## What the exercise asks
Count the lines below that contain the word "photo" and give only the number.

(Supplied data begins)

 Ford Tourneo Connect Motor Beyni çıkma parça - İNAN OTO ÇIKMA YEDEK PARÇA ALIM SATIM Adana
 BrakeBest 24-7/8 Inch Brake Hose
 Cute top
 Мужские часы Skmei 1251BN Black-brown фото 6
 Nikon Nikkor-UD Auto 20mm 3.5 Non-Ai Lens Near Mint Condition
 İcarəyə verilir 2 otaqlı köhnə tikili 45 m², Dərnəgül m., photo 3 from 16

(Supplied data ends)
(Supplied data begins)

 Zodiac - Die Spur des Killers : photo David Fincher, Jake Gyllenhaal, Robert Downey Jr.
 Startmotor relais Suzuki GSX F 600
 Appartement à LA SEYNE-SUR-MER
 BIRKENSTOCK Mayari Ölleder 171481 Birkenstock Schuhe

(Supplied data ends)
(Supplied data begins)

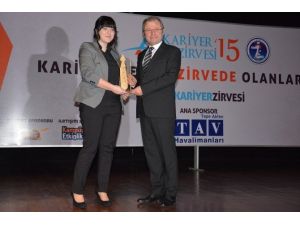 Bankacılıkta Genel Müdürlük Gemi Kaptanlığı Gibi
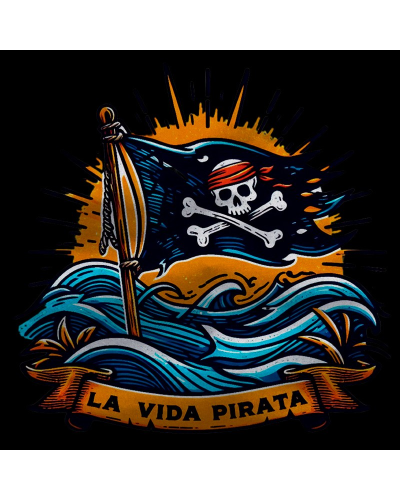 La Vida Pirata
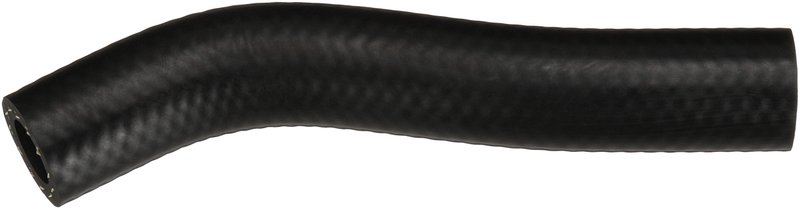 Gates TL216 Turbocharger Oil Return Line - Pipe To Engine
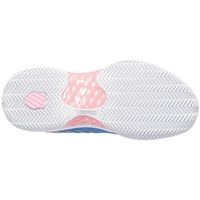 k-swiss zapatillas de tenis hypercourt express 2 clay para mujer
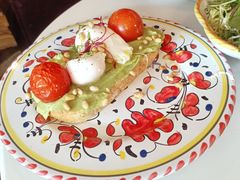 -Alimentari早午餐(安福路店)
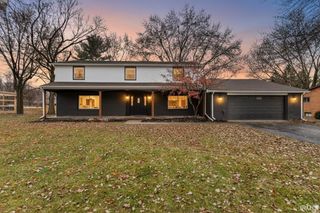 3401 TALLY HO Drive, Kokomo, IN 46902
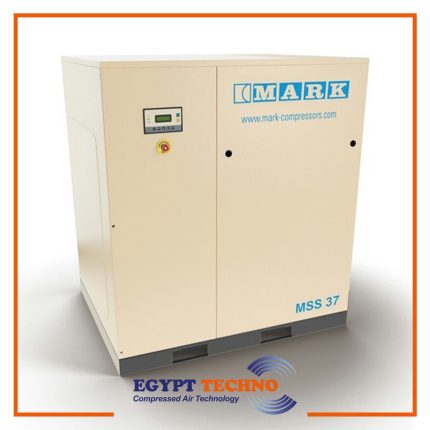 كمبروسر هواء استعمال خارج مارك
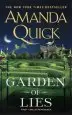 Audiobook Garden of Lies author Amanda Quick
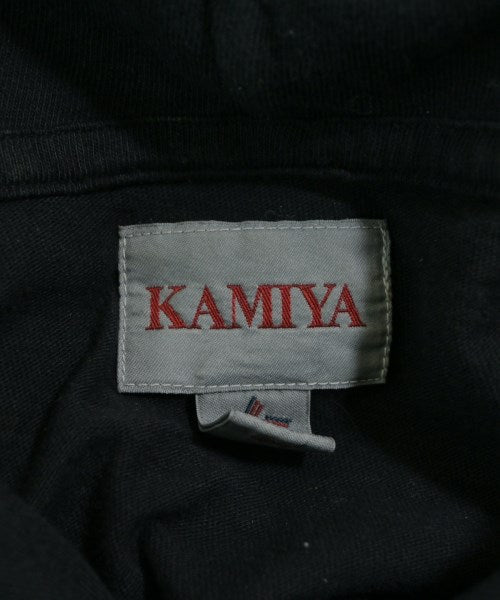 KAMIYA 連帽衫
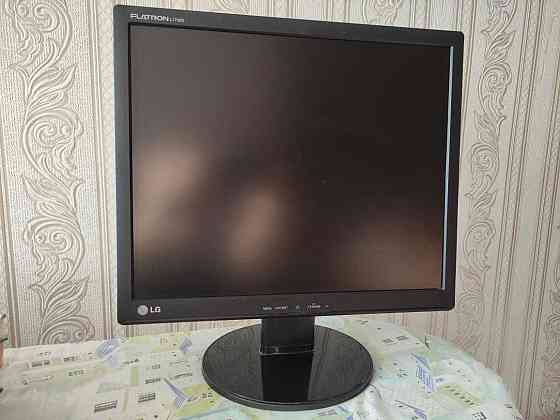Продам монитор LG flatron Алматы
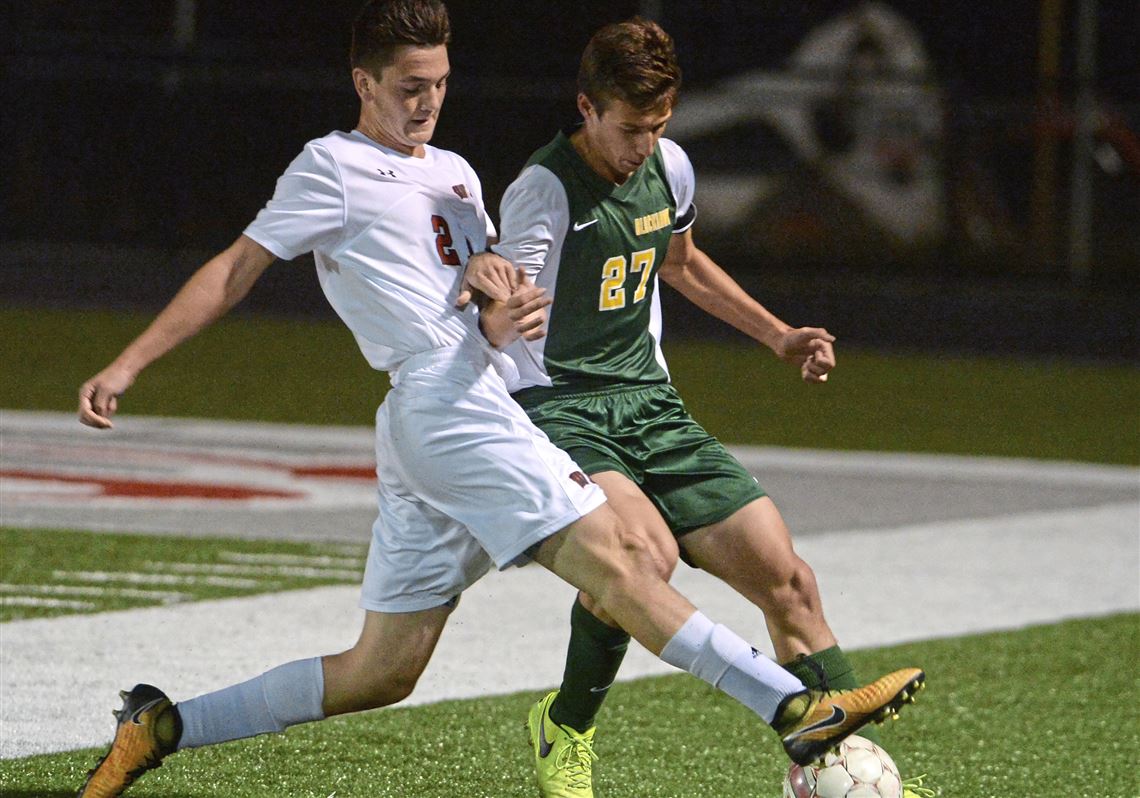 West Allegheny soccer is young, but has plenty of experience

(Supplied data ends)

## Answer space
2